WORK INSTRUCTIONS ::
Lines below that include the word "Leather" should each be copied.

Short descriptive text snippets ::
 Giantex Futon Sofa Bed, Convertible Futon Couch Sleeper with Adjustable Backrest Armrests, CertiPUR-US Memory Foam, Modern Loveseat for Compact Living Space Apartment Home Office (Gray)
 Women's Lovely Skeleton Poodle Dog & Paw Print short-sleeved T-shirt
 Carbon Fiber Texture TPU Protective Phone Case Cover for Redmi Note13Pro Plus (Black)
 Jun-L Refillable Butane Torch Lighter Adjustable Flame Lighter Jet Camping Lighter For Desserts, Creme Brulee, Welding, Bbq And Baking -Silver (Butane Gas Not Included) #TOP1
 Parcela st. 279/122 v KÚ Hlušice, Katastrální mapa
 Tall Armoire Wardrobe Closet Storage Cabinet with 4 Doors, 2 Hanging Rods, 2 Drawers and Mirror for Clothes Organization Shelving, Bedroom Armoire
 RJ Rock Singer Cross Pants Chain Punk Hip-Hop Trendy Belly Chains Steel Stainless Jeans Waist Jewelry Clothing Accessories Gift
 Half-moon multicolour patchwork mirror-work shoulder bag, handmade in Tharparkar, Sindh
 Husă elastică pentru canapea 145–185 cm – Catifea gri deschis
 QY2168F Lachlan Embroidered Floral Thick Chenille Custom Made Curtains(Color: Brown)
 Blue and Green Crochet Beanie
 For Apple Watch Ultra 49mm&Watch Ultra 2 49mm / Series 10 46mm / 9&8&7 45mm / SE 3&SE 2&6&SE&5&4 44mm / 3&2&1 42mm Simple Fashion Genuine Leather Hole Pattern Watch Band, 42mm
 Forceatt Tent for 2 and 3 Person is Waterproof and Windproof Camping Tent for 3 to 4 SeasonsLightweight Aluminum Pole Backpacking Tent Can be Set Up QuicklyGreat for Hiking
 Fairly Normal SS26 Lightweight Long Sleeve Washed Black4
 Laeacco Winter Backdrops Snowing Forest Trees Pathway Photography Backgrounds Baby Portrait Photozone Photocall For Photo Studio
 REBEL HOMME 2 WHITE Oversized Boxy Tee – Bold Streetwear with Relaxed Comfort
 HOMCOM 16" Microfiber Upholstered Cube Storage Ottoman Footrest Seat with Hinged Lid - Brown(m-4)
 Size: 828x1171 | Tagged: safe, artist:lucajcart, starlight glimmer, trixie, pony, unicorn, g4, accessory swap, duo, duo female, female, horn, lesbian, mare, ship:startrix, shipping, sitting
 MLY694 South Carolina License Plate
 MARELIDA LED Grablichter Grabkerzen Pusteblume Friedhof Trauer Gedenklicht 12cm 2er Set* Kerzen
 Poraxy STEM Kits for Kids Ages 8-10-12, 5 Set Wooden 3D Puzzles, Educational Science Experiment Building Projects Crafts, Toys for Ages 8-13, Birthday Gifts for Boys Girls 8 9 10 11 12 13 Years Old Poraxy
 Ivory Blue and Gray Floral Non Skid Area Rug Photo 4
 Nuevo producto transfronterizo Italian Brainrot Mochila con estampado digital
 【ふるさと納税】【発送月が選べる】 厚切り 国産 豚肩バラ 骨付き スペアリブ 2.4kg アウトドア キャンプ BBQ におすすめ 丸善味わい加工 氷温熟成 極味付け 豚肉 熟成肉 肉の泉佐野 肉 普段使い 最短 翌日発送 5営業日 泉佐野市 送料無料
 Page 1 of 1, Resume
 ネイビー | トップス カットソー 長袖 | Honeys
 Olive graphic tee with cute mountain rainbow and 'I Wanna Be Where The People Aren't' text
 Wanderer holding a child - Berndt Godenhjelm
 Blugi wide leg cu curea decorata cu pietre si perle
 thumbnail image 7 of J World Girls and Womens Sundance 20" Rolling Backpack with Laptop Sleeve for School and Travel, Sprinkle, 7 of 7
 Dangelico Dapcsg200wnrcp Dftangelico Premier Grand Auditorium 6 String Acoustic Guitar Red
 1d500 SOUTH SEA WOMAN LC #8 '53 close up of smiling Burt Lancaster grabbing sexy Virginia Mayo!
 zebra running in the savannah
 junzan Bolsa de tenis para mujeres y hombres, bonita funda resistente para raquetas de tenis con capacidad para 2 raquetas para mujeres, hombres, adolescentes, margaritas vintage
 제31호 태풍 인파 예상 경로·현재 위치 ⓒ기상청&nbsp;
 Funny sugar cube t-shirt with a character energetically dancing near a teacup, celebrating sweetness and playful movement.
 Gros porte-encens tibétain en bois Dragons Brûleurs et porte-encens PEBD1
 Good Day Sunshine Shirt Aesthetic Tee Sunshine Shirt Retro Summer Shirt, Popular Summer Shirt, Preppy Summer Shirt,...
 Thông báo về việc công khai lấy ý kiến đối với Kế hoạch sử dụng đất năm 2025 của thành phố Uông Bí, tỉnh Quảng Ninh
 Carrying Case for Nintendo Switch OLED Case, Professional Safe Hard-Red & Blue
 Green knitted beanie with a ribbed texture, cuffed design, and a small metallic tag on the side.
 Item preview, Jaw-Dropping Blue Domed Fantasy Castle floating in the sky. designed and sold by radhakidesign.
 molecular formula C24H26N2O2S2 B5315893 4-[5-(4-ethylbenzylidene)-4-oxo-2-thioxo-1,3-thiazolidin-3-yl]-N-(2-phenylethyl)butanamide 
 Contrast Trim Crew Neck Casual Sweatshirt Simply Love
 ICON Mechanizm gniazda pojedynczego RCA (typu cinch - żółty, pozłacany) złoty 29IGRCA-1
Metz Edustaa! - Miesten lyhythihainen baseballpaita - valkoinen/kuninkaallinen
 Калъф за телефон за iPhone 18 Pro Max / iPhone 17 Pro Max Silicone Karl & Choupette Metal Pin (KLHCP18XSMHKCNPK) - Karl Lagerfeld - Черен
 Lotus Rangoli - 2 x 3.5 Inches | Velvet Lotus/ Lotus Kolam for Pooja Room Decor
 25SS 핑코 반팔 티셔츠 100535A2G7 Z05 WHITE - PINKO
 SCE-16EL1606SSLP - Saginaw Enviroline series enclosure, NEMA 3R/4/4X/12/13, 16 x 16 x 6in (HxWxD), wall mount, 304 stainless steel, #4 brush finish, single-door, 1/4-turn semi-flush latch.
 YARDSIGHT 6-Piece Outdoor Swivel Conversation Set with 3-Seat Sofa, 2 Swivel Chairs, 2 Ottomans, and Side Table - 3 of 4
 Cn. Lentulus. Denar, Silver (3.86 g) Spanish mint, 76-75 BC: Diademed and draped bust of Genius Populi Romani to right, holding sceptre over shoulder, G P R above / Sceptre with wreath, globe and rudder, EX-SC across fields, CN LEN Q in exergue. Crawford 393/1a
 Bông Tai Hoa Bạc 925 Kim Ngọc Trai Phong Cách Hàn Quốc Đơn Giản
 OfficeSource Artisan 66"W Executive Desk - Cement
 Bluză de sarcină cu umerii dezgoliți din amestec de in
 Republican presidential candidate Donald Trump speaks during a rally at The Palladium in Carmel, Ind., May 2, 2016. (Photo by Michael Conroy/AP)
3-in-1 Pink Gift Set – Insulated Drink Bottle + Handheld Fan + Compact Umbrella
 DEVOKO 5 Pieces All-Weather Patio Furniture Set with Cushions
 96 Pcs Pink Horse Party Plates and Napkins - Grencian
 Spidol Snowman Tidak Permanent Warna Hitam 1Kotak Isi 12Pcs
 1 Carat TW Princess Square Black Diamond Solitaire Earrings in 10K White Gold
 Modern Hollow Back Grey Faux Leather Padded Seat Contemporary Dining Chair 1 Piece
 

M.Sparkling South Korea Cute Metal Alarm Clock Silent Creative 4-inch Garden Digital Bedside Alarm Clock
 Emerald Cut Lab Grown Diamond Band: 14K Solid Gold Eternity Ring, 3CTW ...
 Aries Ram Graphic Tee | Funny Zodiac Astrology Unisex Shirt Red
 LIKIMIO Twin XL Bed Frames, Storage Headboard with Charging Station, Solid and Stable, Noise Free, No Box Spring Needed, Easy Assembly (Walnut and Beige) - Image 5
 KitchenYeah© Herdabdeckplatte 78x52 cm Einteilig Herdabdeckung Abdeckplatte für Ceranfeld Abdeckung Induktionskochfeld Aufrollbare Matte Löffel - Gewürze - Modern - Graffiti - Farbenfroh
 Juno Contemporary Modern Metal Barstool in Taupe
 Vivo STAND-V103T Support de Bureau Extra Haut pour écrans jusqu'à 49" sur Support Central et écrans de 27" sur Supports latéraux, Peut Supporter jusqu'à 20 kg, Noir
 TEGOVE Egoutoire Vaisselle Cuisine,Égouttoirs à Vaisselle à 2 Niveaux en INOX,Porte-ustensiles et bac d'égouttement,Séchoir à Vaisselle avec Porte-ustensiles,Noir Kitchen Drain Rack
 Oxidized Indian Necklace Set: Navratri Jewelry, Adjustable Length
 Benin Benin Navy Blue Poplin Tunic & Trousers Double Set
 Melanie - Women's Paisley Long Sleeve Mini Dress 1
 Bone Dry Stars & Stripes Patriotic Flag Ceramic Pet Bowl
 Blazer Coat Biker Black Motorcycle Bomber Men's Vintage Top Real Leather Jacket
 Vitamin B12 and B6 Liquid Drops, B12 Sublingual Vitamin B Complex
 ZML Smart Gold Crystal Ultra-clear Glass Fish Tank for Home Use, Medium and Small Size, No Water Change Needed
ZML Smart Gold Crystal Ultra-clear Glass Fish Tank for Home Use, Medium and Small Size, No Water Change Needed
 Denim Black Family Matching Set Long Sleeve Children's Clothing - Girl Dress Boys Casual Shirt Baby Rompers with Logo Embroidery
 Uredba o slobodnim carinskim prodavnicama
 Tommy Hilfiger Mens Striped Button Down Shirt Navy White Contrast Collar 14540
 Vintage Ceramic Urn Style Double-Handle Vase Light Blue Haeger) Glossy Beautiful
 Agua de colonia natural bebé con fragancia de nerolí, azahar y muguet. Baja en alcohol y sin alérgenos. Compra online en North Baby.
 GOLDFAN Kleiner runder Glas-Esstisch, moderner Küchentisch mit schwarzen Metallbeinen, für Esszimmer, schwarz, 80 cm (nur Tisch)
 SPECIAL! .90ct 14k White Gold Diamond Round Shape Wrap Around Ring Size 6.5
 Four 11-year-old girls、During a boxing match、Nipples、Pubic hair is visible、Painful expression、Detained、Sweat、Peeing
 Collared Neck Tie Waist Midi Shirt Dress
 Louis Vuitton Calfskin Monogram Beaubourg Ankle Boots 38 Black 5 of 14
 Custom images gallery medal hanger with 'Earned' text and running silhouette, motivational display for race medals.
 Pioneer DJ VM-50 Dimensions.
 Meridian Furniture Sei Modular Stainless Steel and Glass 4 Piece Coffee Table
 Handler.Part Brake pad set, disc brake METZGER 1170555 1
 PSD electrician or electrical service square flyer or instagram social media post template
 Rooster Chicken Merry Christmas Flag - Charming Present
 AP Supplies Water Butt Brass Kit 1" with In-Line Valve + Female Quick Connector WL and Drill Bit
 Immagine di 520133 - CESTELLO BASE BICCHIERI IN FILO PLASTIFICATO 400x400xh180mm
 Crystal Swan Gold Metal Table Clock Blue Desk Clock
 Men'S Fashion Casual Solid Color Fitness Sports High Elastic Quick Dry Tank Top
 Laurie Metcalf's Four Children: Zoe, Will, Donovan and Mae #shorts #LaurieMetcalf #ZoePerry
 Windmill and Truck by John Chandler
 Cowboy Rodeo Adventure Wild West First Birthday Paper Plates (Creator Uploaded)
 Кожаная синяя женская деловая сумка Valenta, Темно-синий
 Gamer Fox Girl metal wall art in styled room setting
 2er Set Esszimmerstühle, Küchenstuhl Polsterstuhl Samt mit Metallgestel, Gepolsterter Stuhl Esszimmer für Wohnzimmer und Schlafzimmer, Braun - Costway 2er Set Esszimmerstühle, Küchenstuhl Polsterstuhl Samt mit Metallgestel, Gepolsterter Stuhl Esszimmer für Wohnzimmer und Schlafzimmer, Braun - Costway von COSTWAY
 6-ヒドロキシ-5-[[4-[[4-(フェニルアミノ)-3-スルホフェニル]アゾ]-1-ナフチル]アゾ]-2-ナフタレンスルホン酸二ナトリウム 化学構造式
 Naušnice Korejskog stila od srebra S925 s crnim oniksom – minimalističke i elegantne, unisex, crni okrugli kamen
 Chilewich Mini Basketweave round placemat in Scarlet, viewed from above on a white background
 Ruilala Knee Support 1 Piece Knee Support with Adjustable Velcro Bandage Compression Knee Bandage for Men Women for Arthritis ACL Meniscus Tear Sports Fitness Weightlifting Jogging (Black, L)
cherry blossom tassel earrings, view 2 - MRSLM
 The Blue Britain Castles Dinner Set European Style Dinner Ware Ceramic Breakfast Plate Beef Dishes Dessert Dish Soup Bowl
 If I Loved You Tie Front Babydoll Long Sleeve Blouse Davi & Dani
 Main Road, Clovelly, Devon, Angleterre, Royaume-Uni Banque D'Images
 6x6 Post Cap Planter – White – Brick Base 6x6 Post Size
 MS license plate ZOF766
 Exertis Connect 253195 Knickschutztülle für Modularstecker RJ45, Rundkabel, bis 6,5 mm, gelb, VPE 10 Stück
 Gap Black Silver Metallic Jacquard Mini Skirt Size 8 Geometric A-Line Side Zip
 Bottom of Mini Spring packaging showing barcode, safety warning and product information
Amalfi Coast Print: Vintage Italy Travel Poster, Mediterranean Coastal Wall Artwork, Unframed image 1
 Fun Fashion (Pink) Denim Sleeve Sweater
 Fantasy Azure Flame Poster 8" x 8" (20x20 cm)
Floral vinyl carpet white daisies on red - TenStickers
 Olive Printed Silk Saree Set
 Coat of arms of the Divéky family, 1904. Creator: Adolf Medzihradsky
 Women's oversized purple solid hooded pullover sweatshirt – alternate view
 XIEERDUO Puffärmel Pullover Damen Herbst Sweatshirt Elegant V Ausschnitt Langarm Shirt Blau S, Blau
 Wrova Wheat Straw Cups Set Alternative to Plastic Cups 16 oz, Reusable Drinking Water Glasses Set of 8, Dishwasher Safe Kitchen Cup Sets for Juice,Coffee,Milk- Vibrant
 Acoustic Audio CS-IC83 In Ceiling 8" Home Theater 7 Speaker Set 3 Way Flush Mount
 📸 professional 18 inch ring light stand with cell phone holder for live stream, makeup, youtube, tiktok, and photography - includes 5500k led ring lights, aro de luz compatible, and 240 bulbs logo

EXERCISE ANSWER ::
 For Apple Watch Ultra 49mm&Watch Ultra 2 49mm / Series 10 46mm / 9&8&7 45mm / SE 3&SE 2&6&SE&5&4 44mm / 3&2&1 42mm Simple Fashion Genuine Leather Hole Pattern Watch Band, 42mm
 Modern Hollow Back Grey Faux Leather Padded Seat Contemporary Dining Chair 1 Piece
 Blazer Coat Biker Black Motorcycle Bomber Men's Vintage Top Real Leather Jacket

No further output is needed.